In this context, the marks that cloud the window’s surface take on a new layer of resonances too. If the pencil drawings touched on ideas of the sublime, here we are inevitably moved towards the numinous. We are reminded of the close and necessary relationship between images of the sublime and representations of the Divine. The Gods often live behind clouds, either on mountaintops or in the empyrean realm. They manifest through clouds – be this Zeus the thunder god, or Jehovah leading Israel out of Egypt in a ‘pillar of a cloud’. He speaks to Moses on Mount Sinai through a cloud and in the Book of Revelation where ‘He cometh with clouds’. There are Clouds of Glory, Clouds of Witnesses, even Clouds of Unknowing.

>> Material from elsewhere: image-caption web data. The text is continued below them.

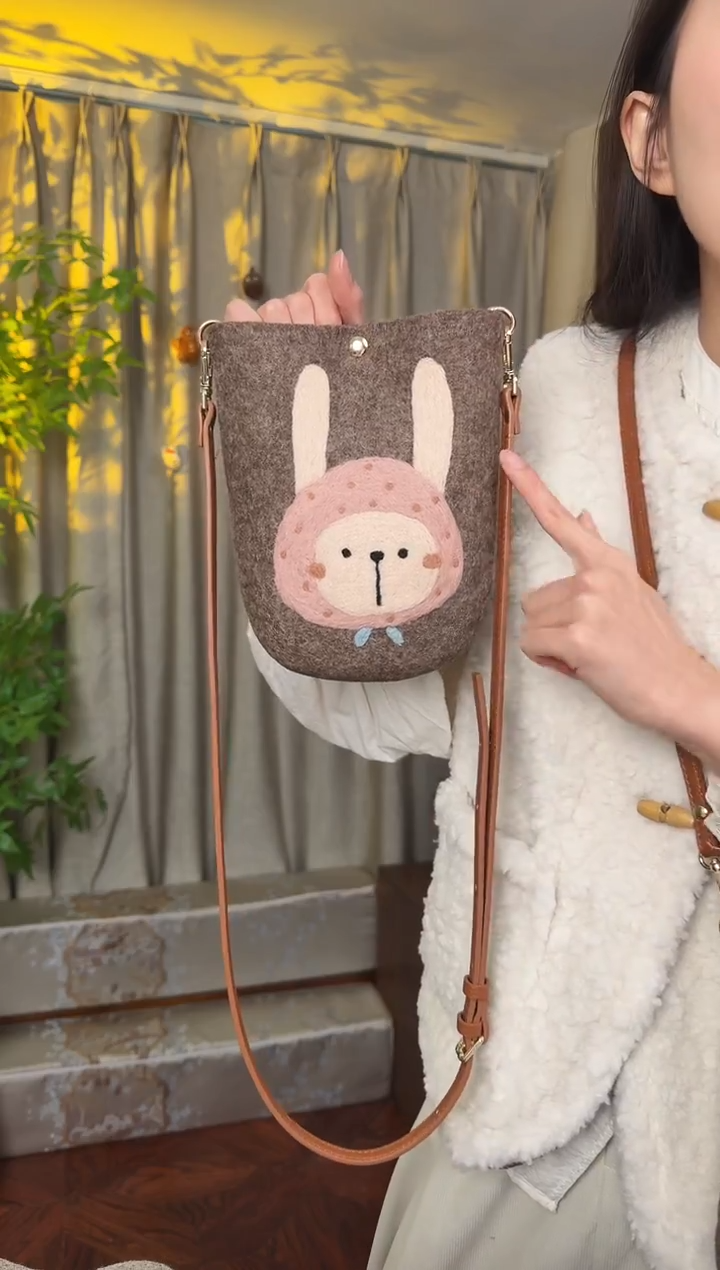 羊毛非遗羊毛毡包 手机包兔子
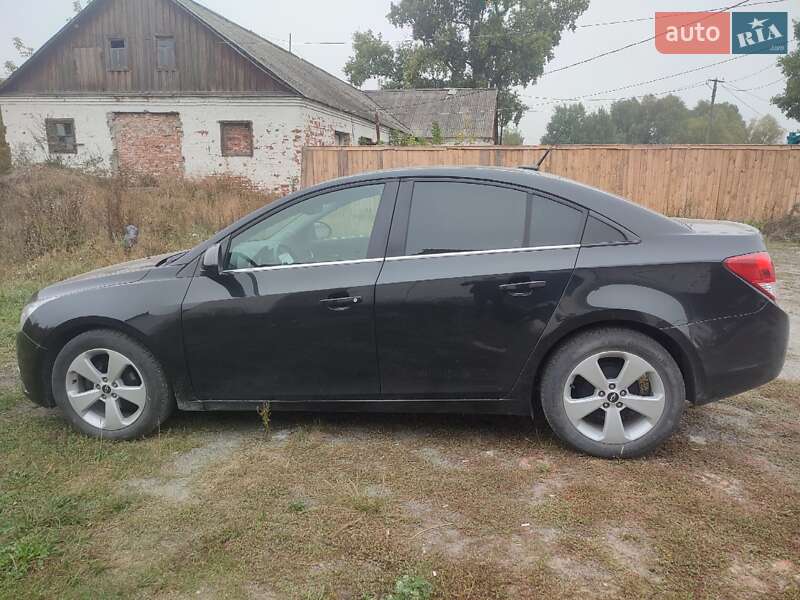 Седан Chevrolet Cruze 2011 в Малині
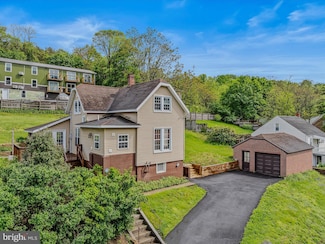 151 S Laurel Ave, Berkeley Springs, WV 25411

Anne Vibeke Mou’s window, commissioned for the Church of St John’s, Healey does not illustrate or narrate any of these allusions or stories. Indeed, the work is nearly Puritan in its modesty and its refusal of representation (and its abstraction and restraint serve to echo specific developments to how religious iconography has been imagined in this country). The cloud is not a representation of a cloud; it is a cloud, made of marks on a weighty pane of glass set into the wall of a place that – as Philip Larkin wrote – ‘is a serious place on the serious earth’. The beauty of the work – both physically and metaphorically – is how it illuminates this. It seems to voice and express profound narratives and ideas, which also are contained in this ‘serious place’, about the ways that we variously seek to understand the world and the realms that contain our world. It does this, and, at the same time, remains resolutely of itself.